Perching birds, or passerines, include species such as sparrows, finches, robins and crows. All told the birds with feet made for hanging onto limbs make up about 6,500 of the 10,000 bird species alive today.
That wasn't always the case. They were once rare, and scientists are still learning about their origins.
Fifty-two million years ago, in a period known as the Early Eocene, one of these then-rare birds was preserved in sediment in southwest Wyoming's Green River geologic formation.
"This is one of the earliest known perching birds," said Lance Grande, Field Museum Neguanee Distinguished Service Curator. "It's fascinating because passerines today make up most of all bird species, but they were extremely rare back then. This particular piece is just exquisite. It is a complete skeleton with the feathers still attached, which is extremely rare in the fossil record of birds."
Grande is one of the authors of a new paper published in "Current Biology" that describes two new fossil bird species — one from Germany that lived 47 million years ago, and the other that lived in what's now Wyoming.

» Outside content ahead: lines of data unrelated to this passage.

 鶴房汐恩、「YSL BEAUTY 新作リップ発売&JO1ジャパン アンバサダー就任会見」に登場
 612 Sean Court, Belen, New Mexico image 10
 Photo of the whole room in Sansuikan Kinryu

The Wyoming bird, Eofringillirostrum boudreauxi, is the earliest example of a bird with a finch-like beak, similar to today's sparrows and finches. This legacy is reflected in its name; Eofringilllirostrum means "dawn finch beak." Meanwhile, boudreauxi is a nod to Terry and Gail Boudreaux, longtime supporters of science at the Field Museum.
The fossil birds' finch-like, thick beaks hint at their diet.

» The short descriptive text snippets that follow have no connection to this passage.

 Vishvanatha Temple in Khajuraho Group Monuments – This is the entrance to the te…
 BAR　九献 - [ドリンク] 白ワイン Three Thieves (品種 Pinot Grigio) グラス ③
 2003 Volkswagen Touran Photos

"These bills are particularly well-suited for consuming small, hard seeds," said Daniel Ksepka, the paper's lead author and curator at the Bruce Museum in Connecticut.
Anyone with a bird feeder knows that lots of birds are nuts for seeds, but seed-eating is a fairly recent biological phenomenon.

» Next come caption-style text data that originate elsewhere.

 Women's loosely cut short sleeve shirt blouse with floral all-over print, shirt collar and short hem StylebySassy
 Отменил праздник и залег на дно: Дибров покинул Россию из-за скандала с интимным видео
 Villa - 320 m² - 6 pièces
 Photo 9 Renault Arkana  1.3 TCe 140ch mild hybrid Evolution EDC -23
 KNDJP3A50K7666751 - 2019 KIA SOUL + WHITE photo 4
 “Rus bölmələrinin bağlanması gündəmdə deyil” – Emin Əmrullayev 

"The earliest birds probably ate insects and fish, some may have been eating small lizards," Grande said. "Until this discovery, we did not know much about the ecology of early passerines. E. boudreauxi gives us an important look at this."
"We were able to show that a comparable diversity of bill types already developed in the Eocene in very early ancestors of passerines," said co-author Gerald Mayr of the Senckenberg Research Institute in Frankfurt.
"The great distance between the two fossil sites implies that these birds were widespread during the Eocene, while the scarcity of known fossils suggests a rather low number of individuals," Ksepka added.
While passerine birds were rare 52 million years ago, E. boudreauxi had the good luck to live and die near Fossil Lake, a site famous for perfect fossilization conditions.
"Fossil Lake is a really graphic picture of an entire community locked in stone — it has everything from fishes and crocs to insects, pollen, reptiles, birds, and early mammals," Grande said. "We have spent so much time excavating this locality that we have a record of even the very rare things."
Grande noted that Fossil Lake provides a unique look at the ancient world — one of the most detailed pictures of life on Earth after the extinction of the dinosaurs (minus the birds) 65 million years ago.
"Knowing what happened in the past gives us a better understanding of the present and may help us figure out where we are going for the future," he said.
With that in mind, Grande plans to continue his exploration of the locale.
"I've been going to Fossil Lake every year for the last 35 years, and finding this bird is one of the reasons I keep going back," Grande said. "It's so rich. We keep finding things that no one's ever seen before."